I’ve tested this, with this short script:
@florian-h05 do you know why it behaves like this? I would think that at the very least, when refreshing, UI should show the actual state of the item (which is ON)
The problem here is a conceptual one: when flipping the switch or using any other control, the client (app or web page) sends a command to the respective item. There is no way for the client to know about the result of that command (whether it was applied successfully, was discarded or got lost in the binding due to some failure). This is why the clients can not update the switch in the latter two cases.

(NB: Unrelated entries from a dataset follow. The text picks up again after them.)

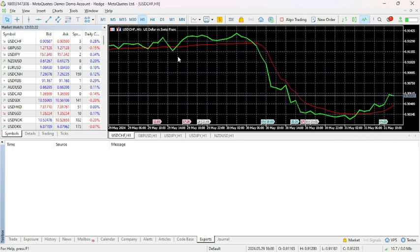This is how you can add an EMA line in MetaTrader 5.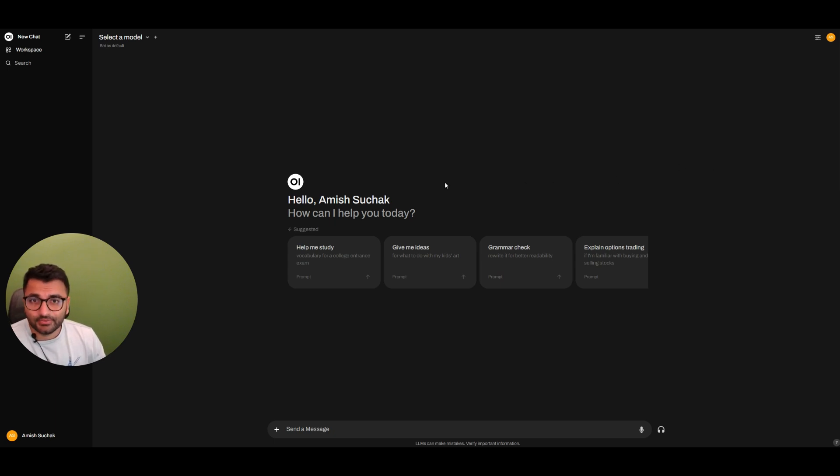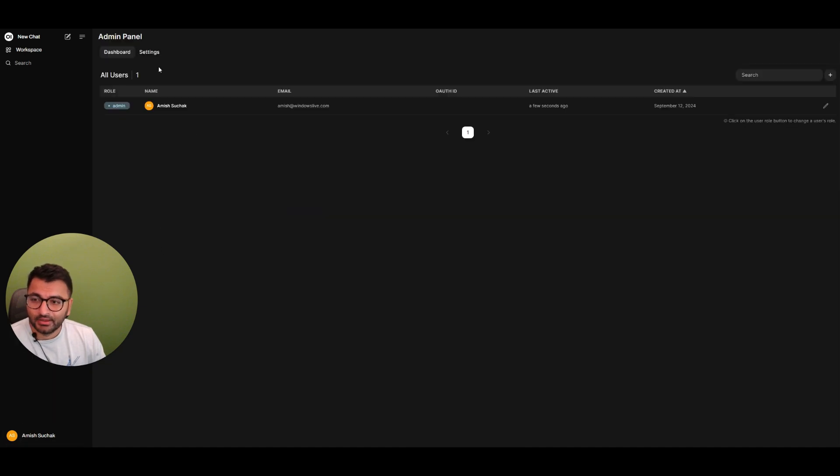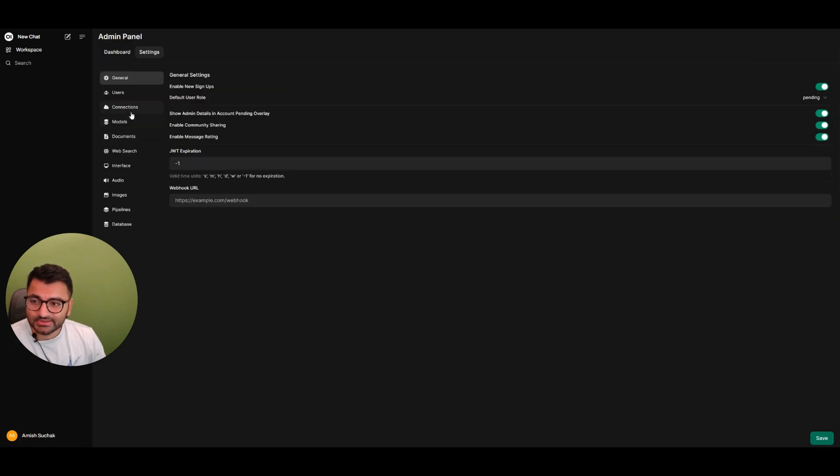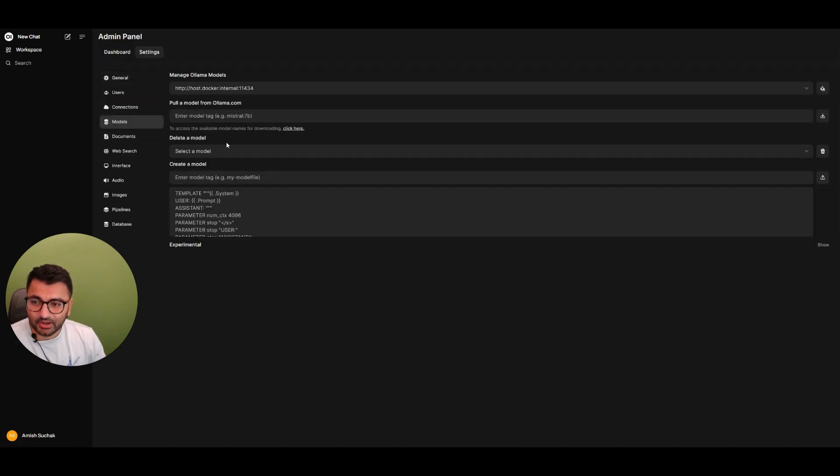To start off with, I'm going to first go over to my admin panel. Here I'm going to go to settings, select models, and I'm going to pull a model from olama.com.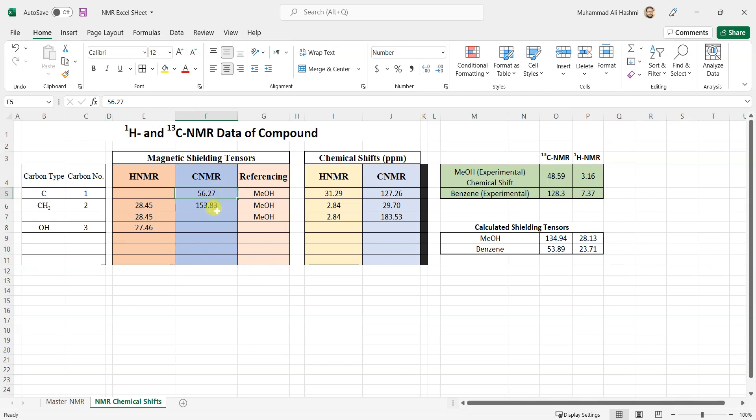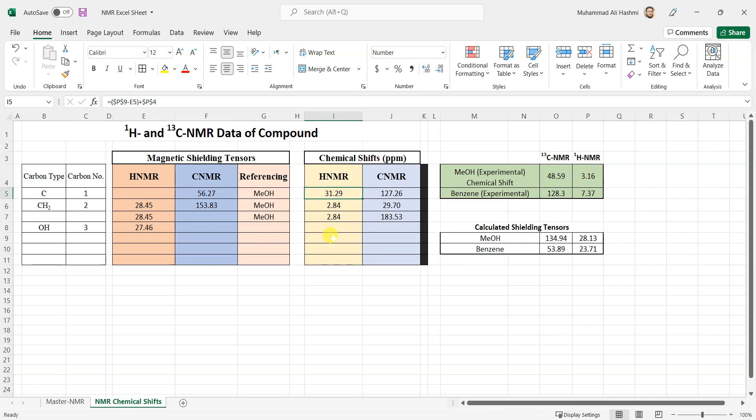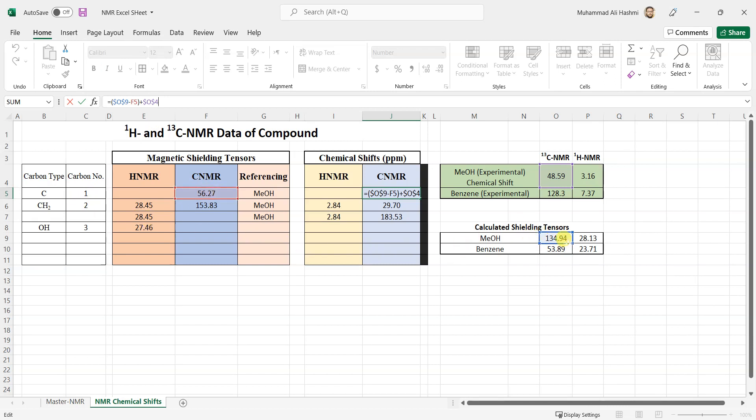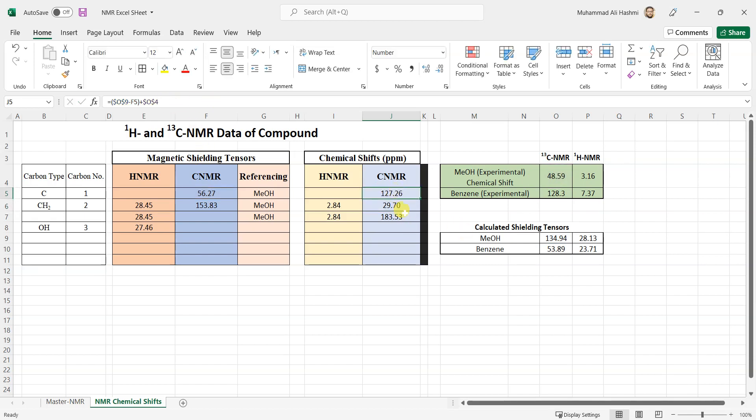Here is the C13 shielding tensor and here are the proton shielding tensors and you can see that the sheet is calculating the chemical shift values for both. For C13 it's this one. What it is, I'll just show you the formula. It's basically this one, this is the calculated shielding tensor of methanol minus F5 which is the calculated shielding tensor of the carbon in your compound. So you subtract the shielding tensor of your carbon from the solvent and then you add the experimental chemical shift value of the solvent and you will get the chemical shift value of your calculated compound.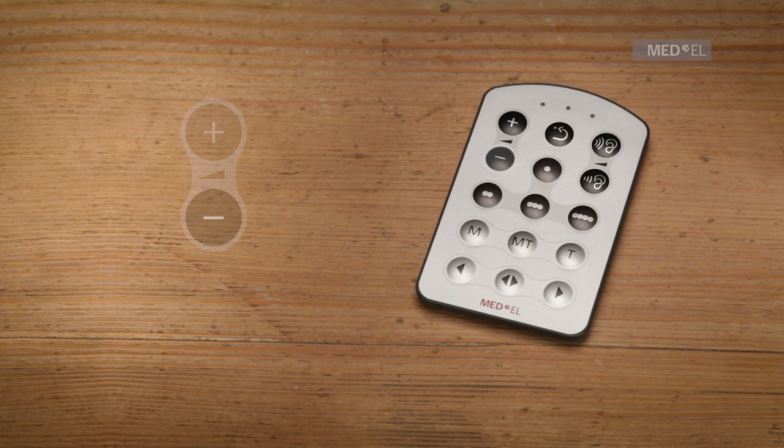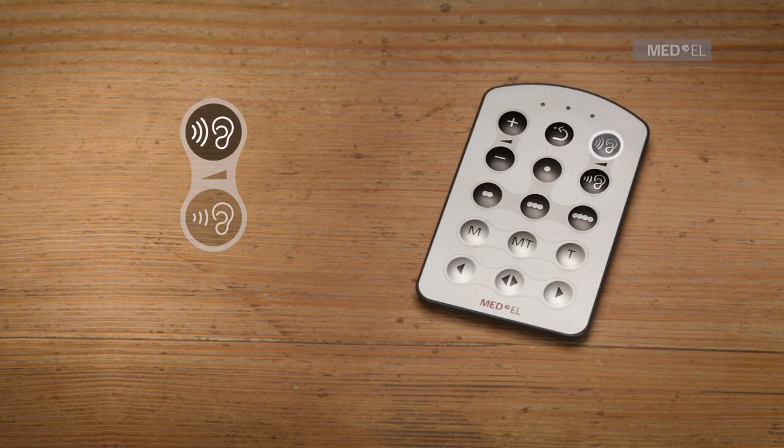To increase the sensitivity of your audio processor's microphone, press the upper sensitivity key. This will increase the range of the microphone, but may also increase levels of background noise.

Fixing this would require sending events about the command result (including result and current item state) to the clients. Certainly possible to do, but quite a bit of work.
NB: since I have an RF actor that somethings is flaky die to poor signal, id appreciate such a mechanism too
AFAIK, in BasicUI, it would send the command, but its state remains unchanged. Its state changes depend on the SSE / state updates from the server. - EDIT this was incorrect
Click UI to turn it off → UI State: OFF, Item State: ON (not auto updated)
So to make UI state ON:
Item.postUpdate(OFF), Item.postUpdate(ON) → UI updates its state to ON
Make sure the item channel link is vetoing the “stateFromItem” by leaving it blank or always returning null so this doesn’t get propagated to the thing handler.
The UI should show the state received from SSE, just checked the code. I am currently on the way home from FrOSCon (where openHAB had a booth), so can‘t have a closer look, but I cannot see an issue with the code right away. TBH I haven‘t seen this behaviour before.